Paolozzi’s ‘playful’ picking up of a young boy, who’s been annoying him, and twirling him round; the acute tension at meal times when the inhibited Paolozzi waits for Andrews to appear before he will eat his meal; their endless walking through empty streets using sign language; Andrews’s reminders to Paolozzi that he could do with a shave and most touchingly Andrews’s fantasy moment when he imagines he’s invited, back to his room, the woman who tried to chat him up in the pub: all are subtle and beautifully understated incidents full of ordinary but never boring details.  Mazzetti has a compassionate eye for the mistreated that reminds you of neo-realism (Anderson aptly cites De Sica’s Umberto D).

Together was highly praised at Cannes.  Both Lindsay Anderson and Tony Richardson were keen to raise finance for Lorenza Mazzetti’s next project – a film about Teddy Boys.  But it fell through as she was breaking up with her lover Denis Horne from the BFI and felt in need of psychotherapy.  She returned to Italy and worked on documentaries, made another feature called Bad Guys Go to Heaven (1959), is this her Teddy Boy project idea? She acted in other peoples’ films, took up painting and wrote The Sky is Falling (1961) an autobiographical novel.

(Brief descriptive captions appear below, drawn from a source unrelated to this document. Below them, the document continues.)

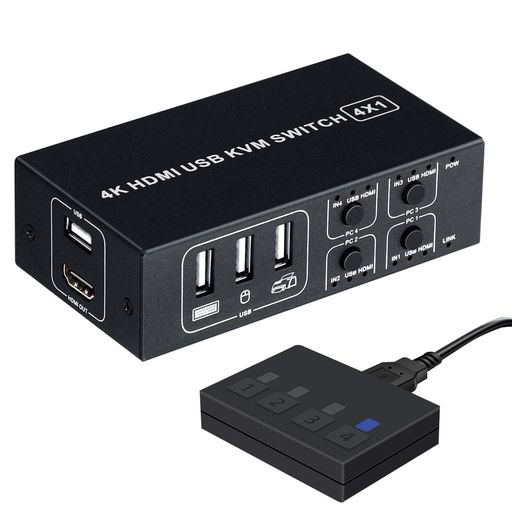 BLUPOW4入力1出力HDMIKVMスイッチUSBキーボード・マウス・モニターを共有パソコン切替器(PC4台用)4K60Hz・HDMI2.0・HDCP2.2対...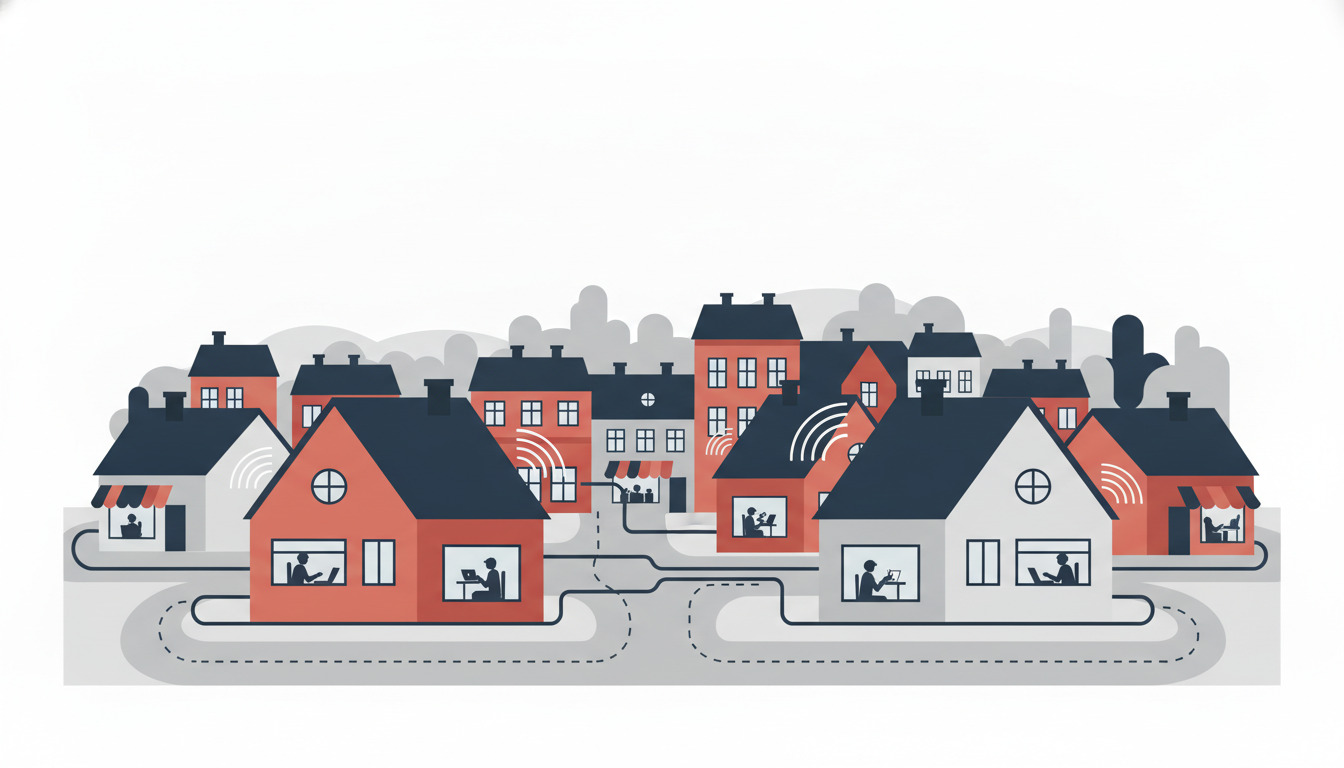 Fladvektorillustration af et moderne boligkvarter i Næstved med røde mursten- og hvide huse forbundet af underjordiske fiberoptiske netværk, som viser beboere, der bruger enheder indendørs til fjernarbejde, videosamtaler og digitale aktiviteter.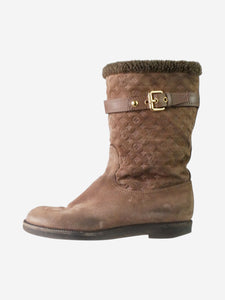 Louis Vuitton Brown monogram fur lined buckled boots - size EU 36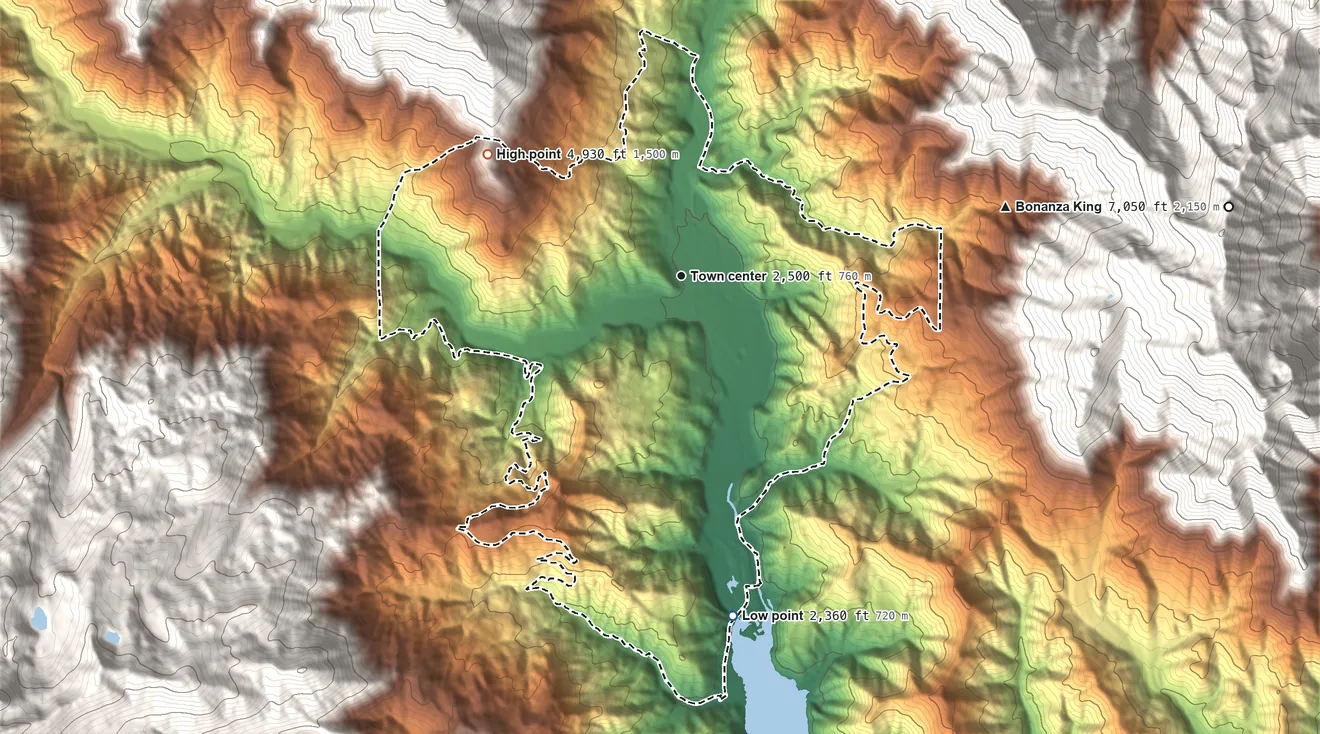 Topographic elevation map of Coffee Creek, California, shaded from 2,360 ft on the south side to 4,930 ft at the foot of the Scott Mountains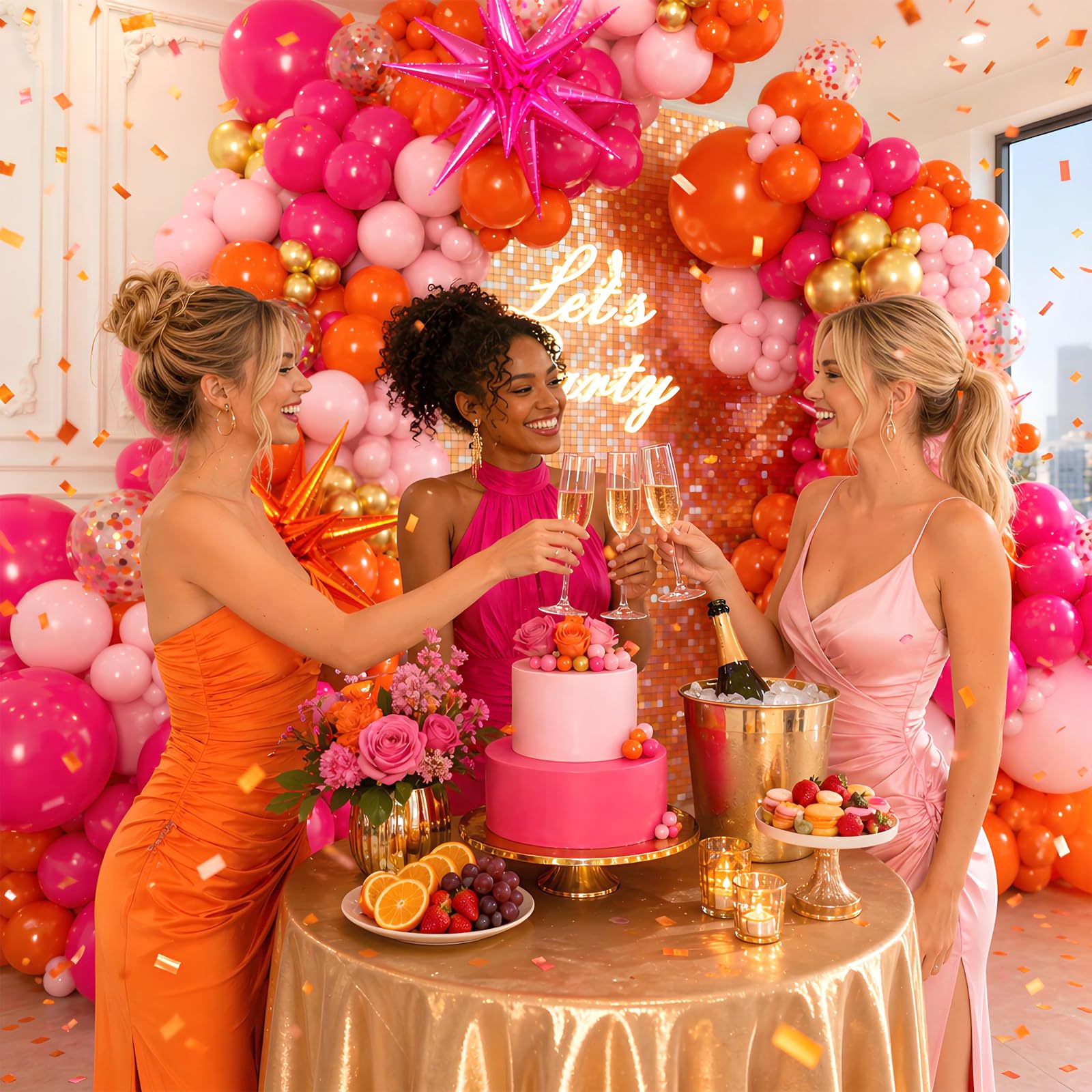 Kit de arco de globos rosa y naranja con confeti dorado metálico, globos rosa intenso y naranja para decoraciones de fiesta de cumpleaños de graduación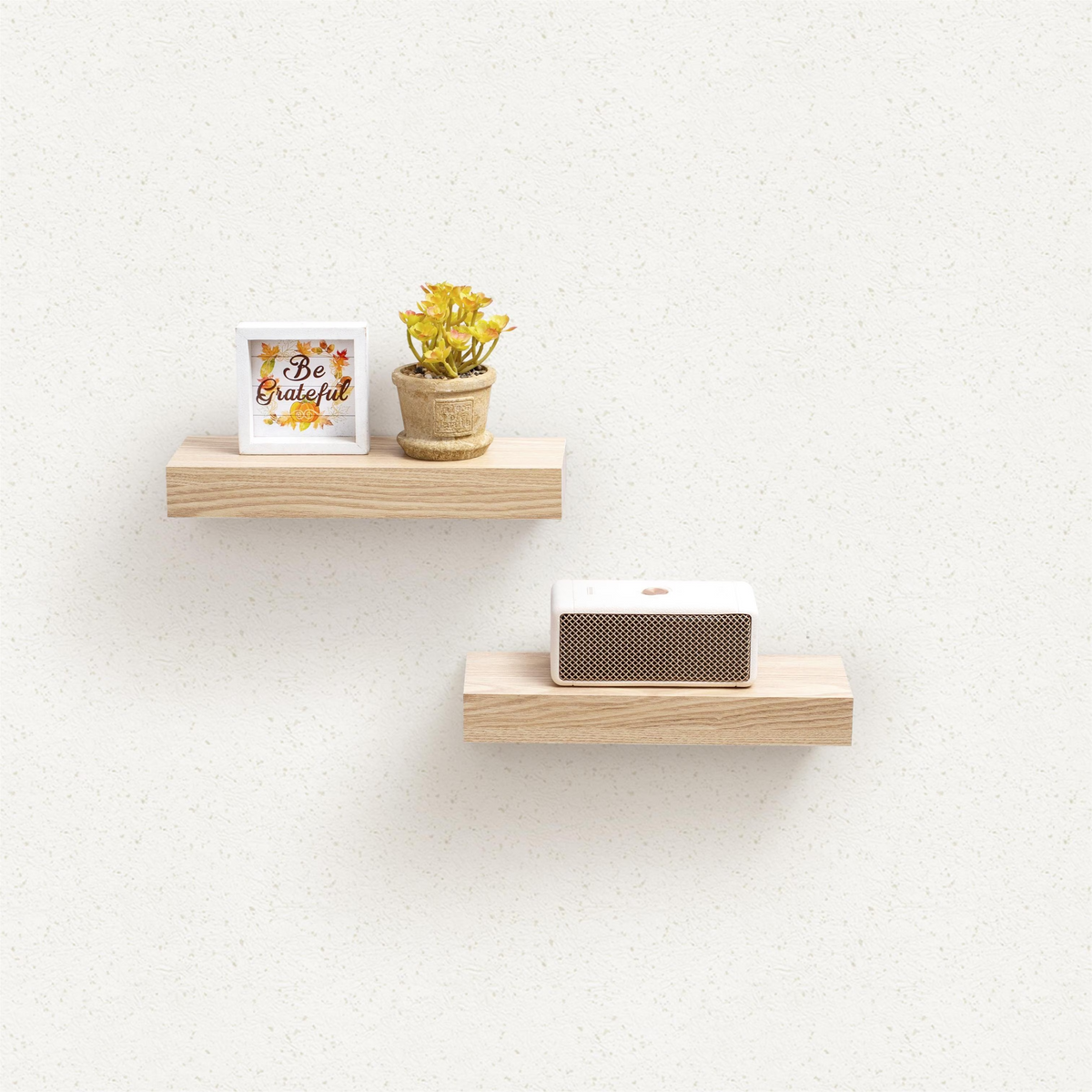 2-Piece Floating Wall Shelves, 11.81" Wood Wall Mounted Shelf Set for Books, Plants & Decor with Invisible Brackets, Tan
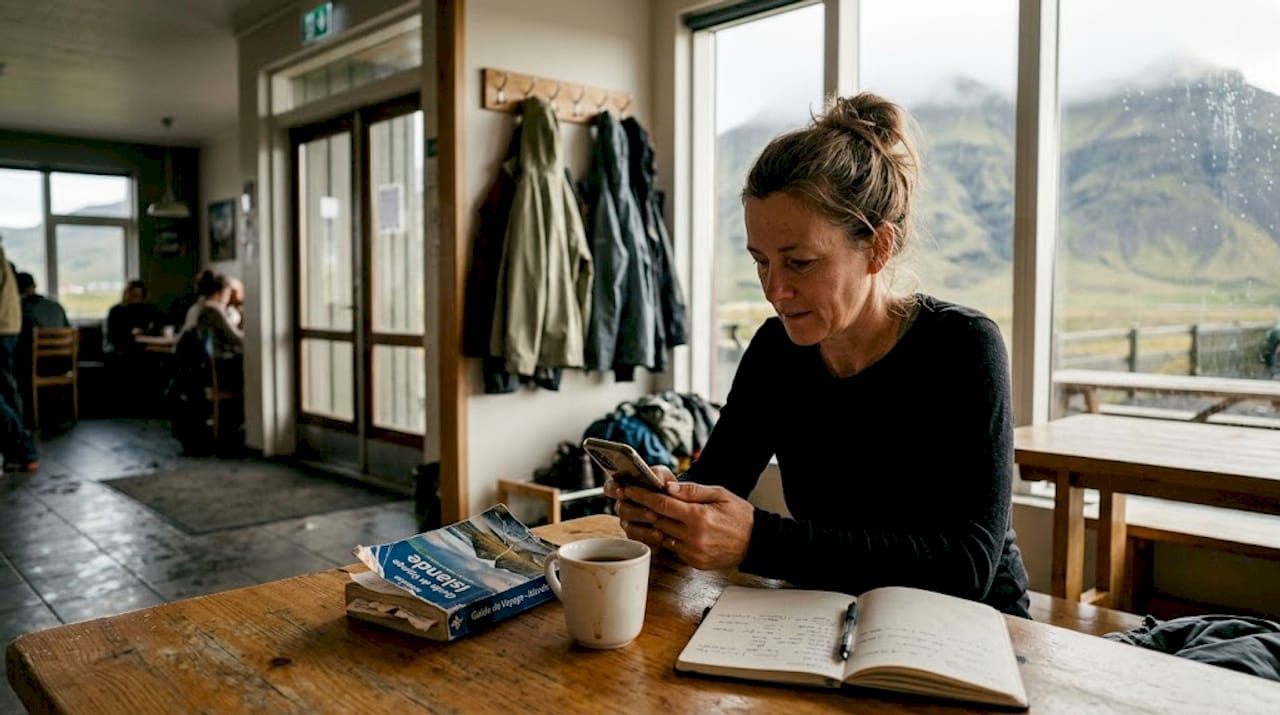 Dans la salle commune d’une auberge de jeunesse en Islande, une voyageuse prend le temps de se renseigner sur les activités et les bons plans du coin.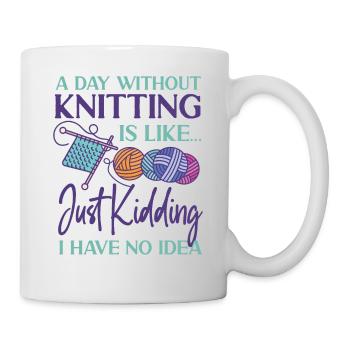 Tricoter Tricoter Un jour sans - Mug blanc - blanc - Droite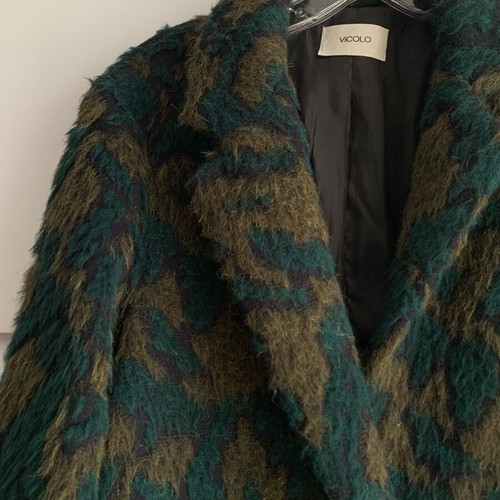 Vicolo Green Jacquard Longline Coat like new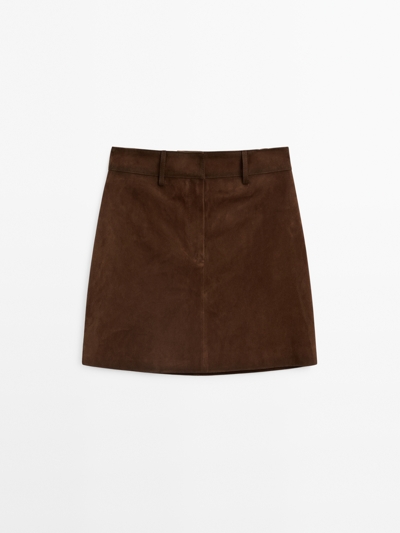 Massimo Dutti Мини-юбка из замши козьей кожи купить с доставкой.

What might have been possible for Mazzetti if she’d been able to work in the British Cinema to develop features?  Maybe her lyrical poetic style would have been ignored in the early sixties with its slew of kitchen sink realism?  Still we have two outstanding shorts and her beautifully lingering Together – there is nothing like this in British cinema of the fifties.

The BFI should be applauded for making the remarkable Lorenza Mazzeti Collection available to us again.